Às vezes não nos contam toda a história que rola na política, por exemplo. Apesar de muita coisa estar vindo à tona, há muita coisa escondida. Talvez quando o governo mudar, saberemos de mais coisas podres. Saber esconder é uma arte dos políticos.

Nossos pais também não nos contaram tudo. Descobrimos muitas coisas da vida através dos amigos, de leituras e hoje através da facilidade da internet. Os pais queriam nos proteger. Às vezes, seria melhor ter sabido da vida por eles. Talvez estavam certos. Hoje somos pais e não contamos tudo para nossos filhos. Aliás, já sabem mais do que nós.

Também não contamos tudo para nós mesmos. Quem teima em não ver a realidade porque quer justificar seus erros, como votar errado, mente para si mesmo, não quer enxergar a realidade, quer defender suas ideias com unhas e dentes. Cuidado se usar prótese dentária! Ela pode ficar presa na carne podre.

A boa ficção também esconde, não conta tudo. Histórias mastigadinhas e colocadas na boca do leitor não são boa Literatura. Há quem goste, mas então não gosta de Literatura, gosta simplesmente de uma boa história. Uma boa história não é necessariamente boa Literatura. E boa Literatura não é necessariamente uma boa história.

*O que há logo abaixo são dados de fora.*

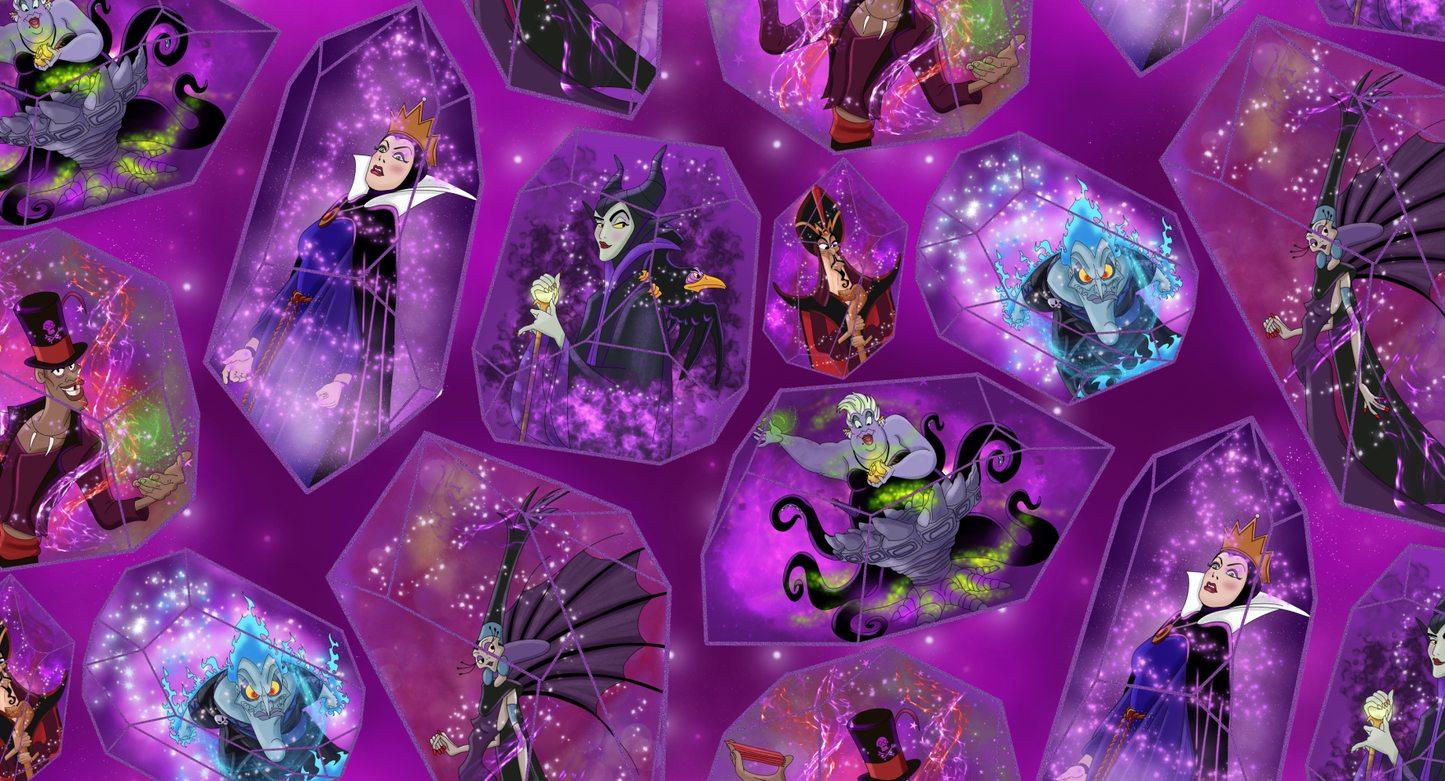 Dark Magic Crystal Villains Purple Bamboo Twirl Dress! Pixie Dust!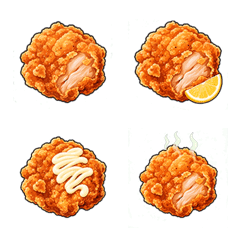 Crispy fried chicken emoji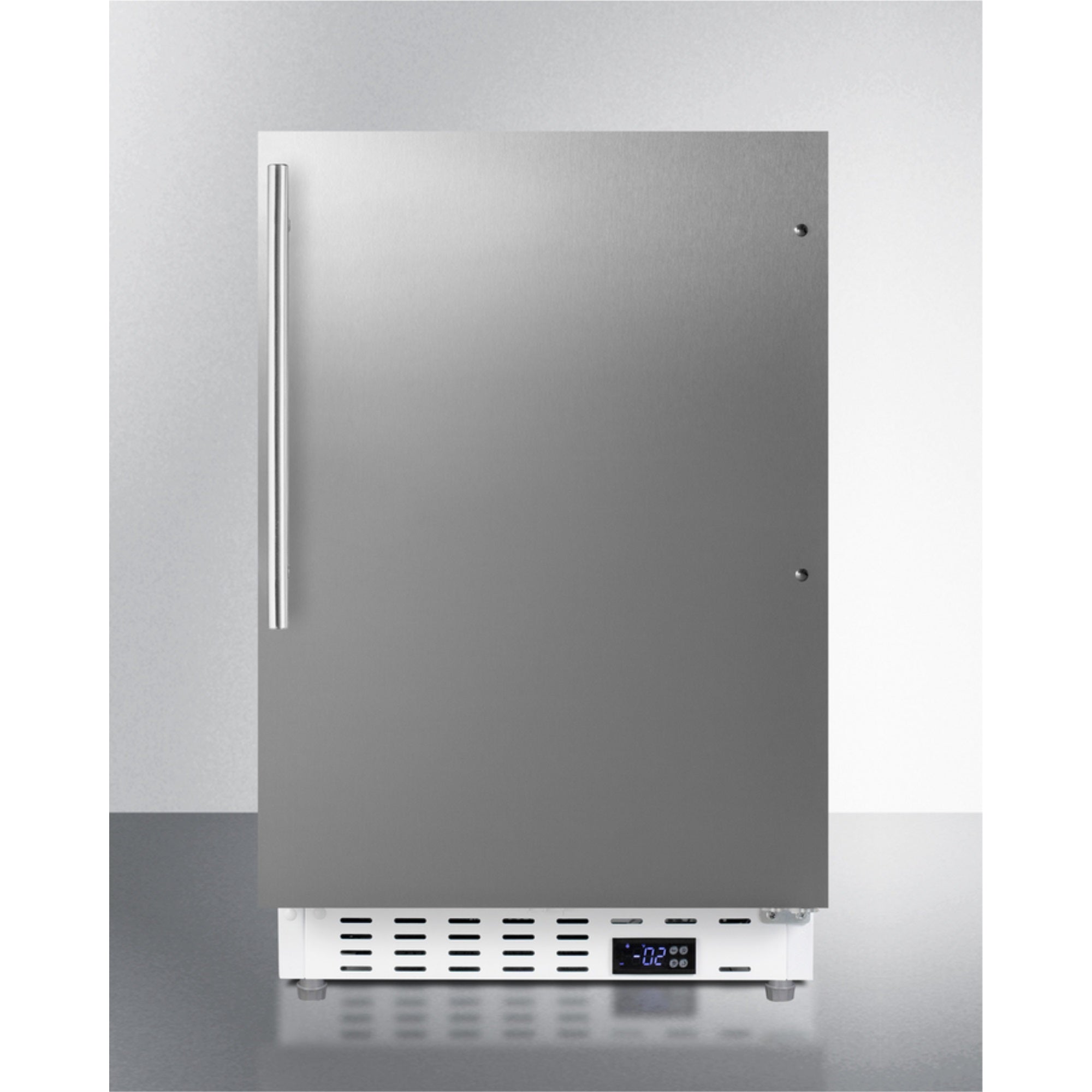 Ada Compliant Built-In Or Freestanding 20'' Wide Manual Defrost All-Freezer For Residential Use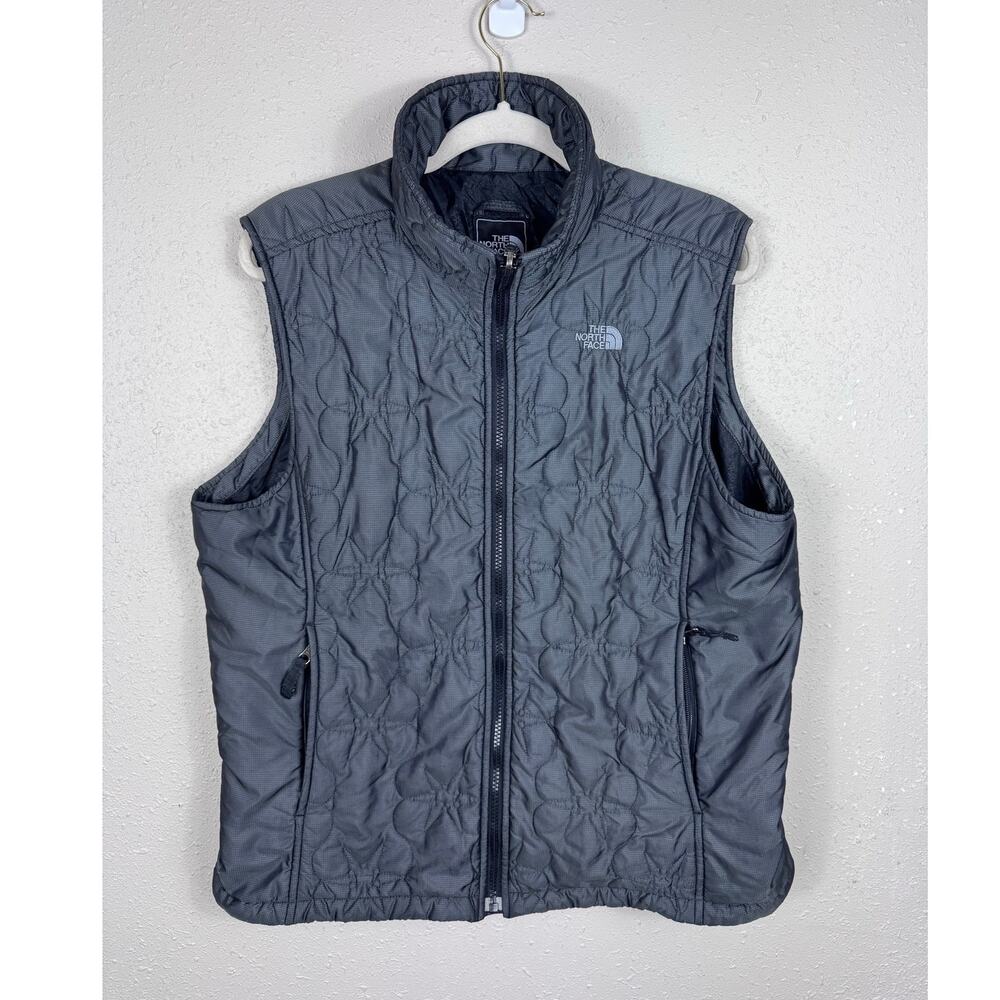 The North Face Dark Charcoal Gray Womens Vest size XL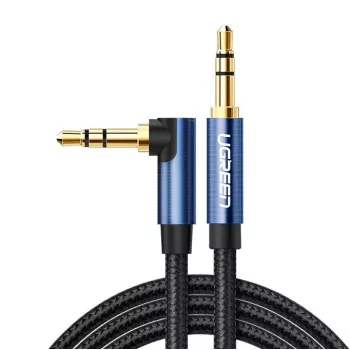 UGREEN AUX Audiokabel 3,5 mm Winkelstecker 2 m Blau (AV112)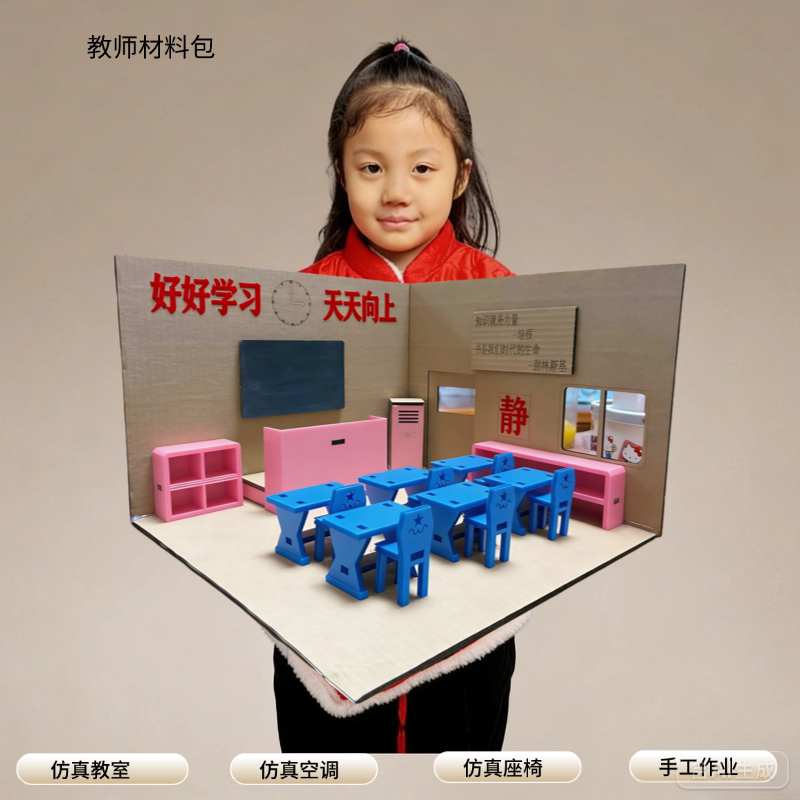 课堂日常生活场景手工diy材料包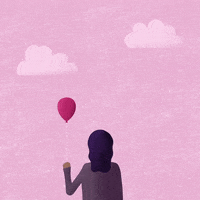 Floating The Red Balloon GIF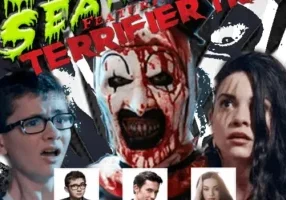 Crypticon Seattle 2026 poster featuring a scary clown and three guests: Elliott Fullam, David Howard Thornton, Lauren LaVera.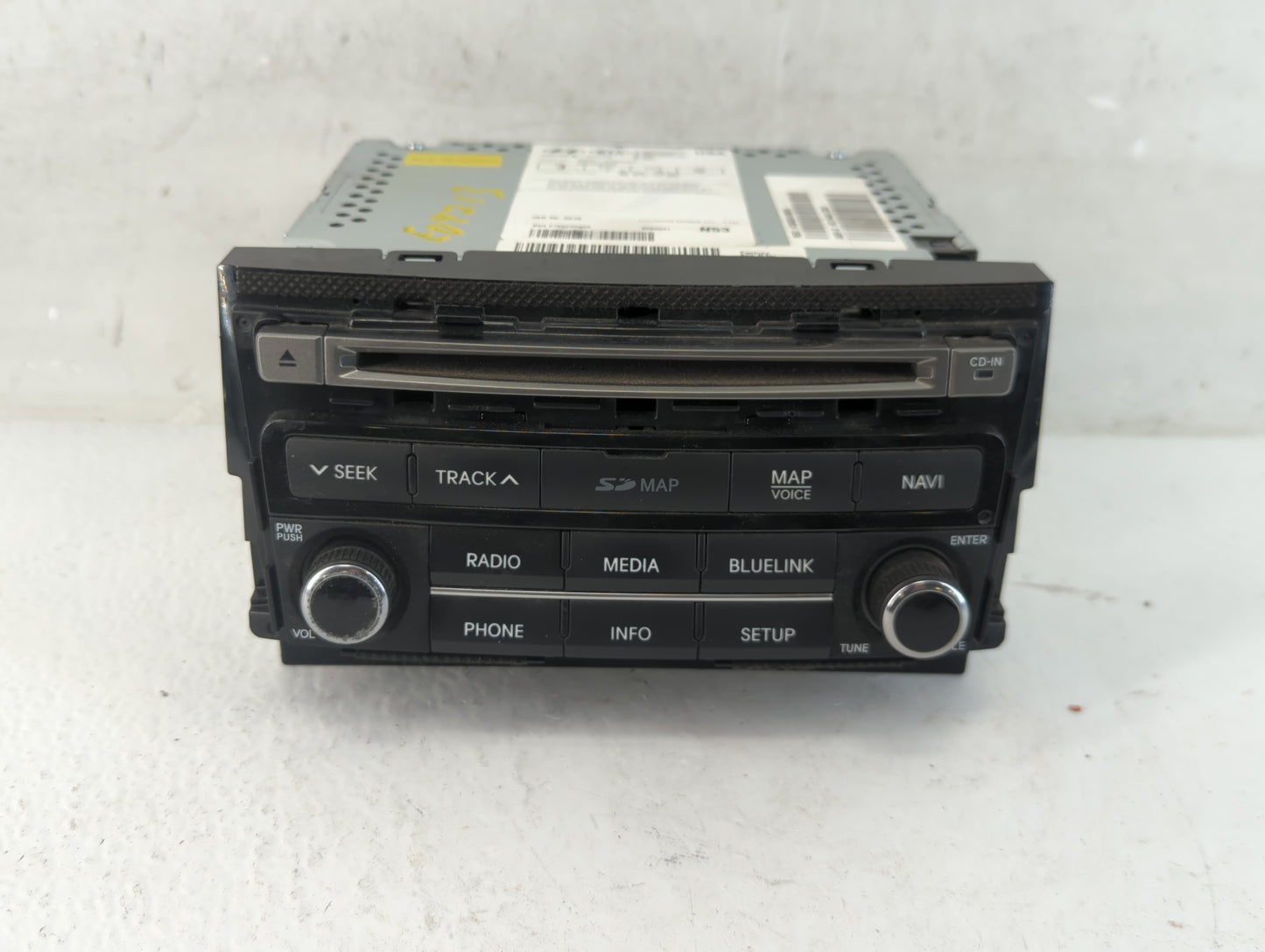 2015-2017 Hyundai Azera Radio AM FM Cd Player Receiver Replacement P/N:96560-3V530VD4 Fits Fits 2015 2016 2017 OEM Used Auto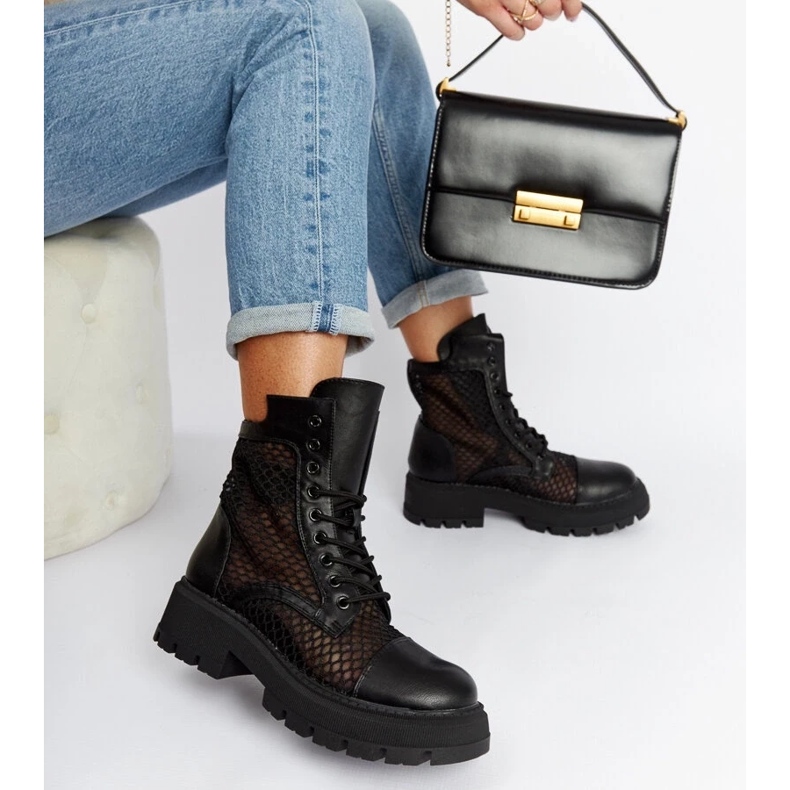 D/CEO Černé průhledné holínky Waldeck černá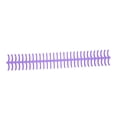 thumbnail image 2 of Sheet Binding Comb, Spiral Binding Coil 130 Sheets Capacity Easy Cutting 10Pcs  For Page Purple, 2 of 8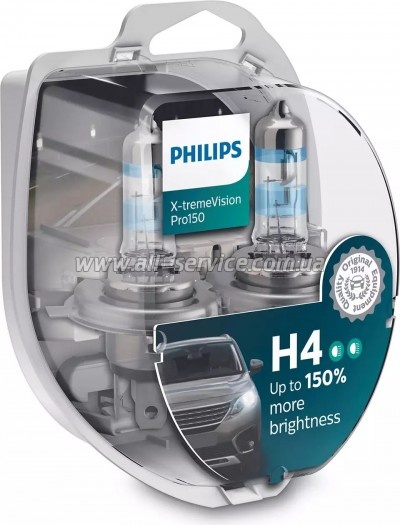  Philips H4 X-treme VISION PRO 3700K, 2 (12342XVPS2)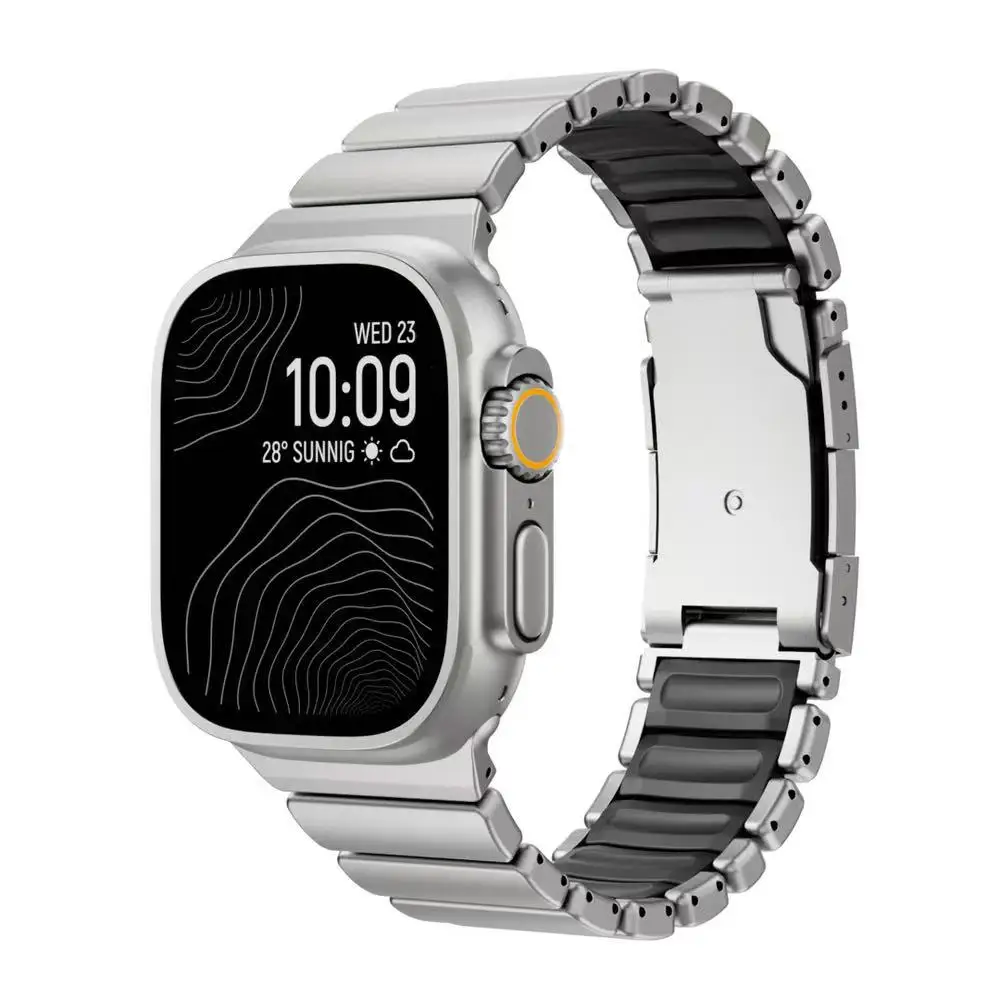 Titanium Silicone Magnetic Strap for Apple Watch Ultra 3/2 49mm thumbnail 11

Aliás, as boas histórias estão sendo contadas hoje pelas séries de TV ou da Internet. Nem todas as histórias, porém, estão sendo contadas. Nem toda a história. Nem mesmo a História, com a H maiúsculo, está sendo bem contada.

Gostaria de te contar a verdade, caro leitor, porém também a estão escondendo de mim. Mas desconfiemos, sempre, de tudo e de todos. Talvez o véu caia sem percebermos.